Chevron argues that Texaco actually settled this case once before in the 1990s, admitting its missteps and complying with a remediation clean-up program. However, the settlement failed to address all of the parties that were victims of the spill.
So, a new trial commenced -- this time in Ecuador -- where mounting evidence shows the playing field might have been tilted against Chevron. The company points to instances of fraud in the Ecuadorian trials that have been noted by the International Arbitration Panel at the Hague and several U.S. judges. Just last Friday, in fact, a key environmental expert in the trial against Chevron completely disavowed its original testimony, noting the process was "fatally tainted." This comes on top of the admission earlier this year by an Ecuadorian judge who claims he was bribed by the plaintiffs. Both sides continue to exchange blows, with each exchange leaving investors more perplexed about the potential outcome.

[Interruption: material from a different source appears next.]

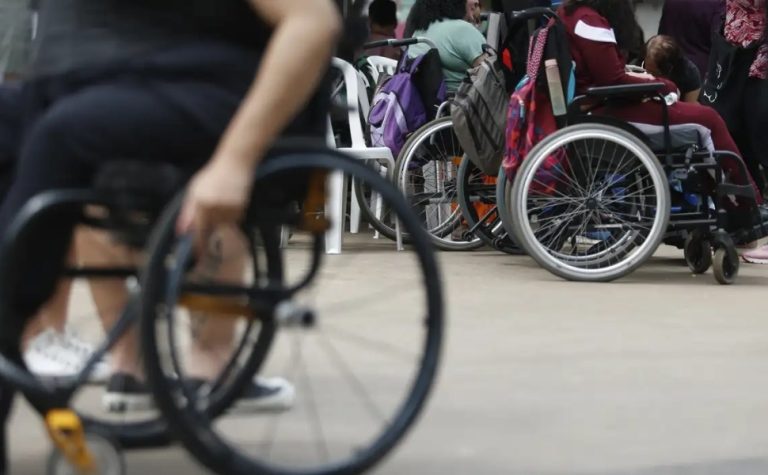 Onde estão e quantos são os brasileiros com deficiência, segundo o Censo do IBGE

And the stakes couldn't be much higher. As mentioned above, Chevron could be on the hook for an $19 billion fine, which amounts to more than 85% of the $22 billion in cash on its balance sheet. To try to get to the bottom of the matter, the Fool decided to talk to Chevron and its adversaries recently. We realize we can’t possibly uncover and present all of the details of this convoluted legal case in a single article, but perhaps the best thing we can do is provide a platform to allow investors to hear from both sides. Furthermore, Chevron is currently a recommendation in one of The Motley Fool's premium newsletters, so understanding the ins and outs of this case is of the utmost importance to us.
My colleague James Early, who runs our Income Investor service, sat down with one of the plaintiffs' attorneys and Chevron's own representatives. Their discussion, which took place prior to the most recent revelations of foul play, reveals the complex nature of international litigation. At the same time, as James said in a recent newsletter, "the "legal" requirements do not always equate with what is ethically "right," so companies -- and investors -- need to make their own decisions. And sometimes the hardest part is not the ethics but knowing whose story to believe in the first place."
*The $18 billion fine has since increased to $19 billion.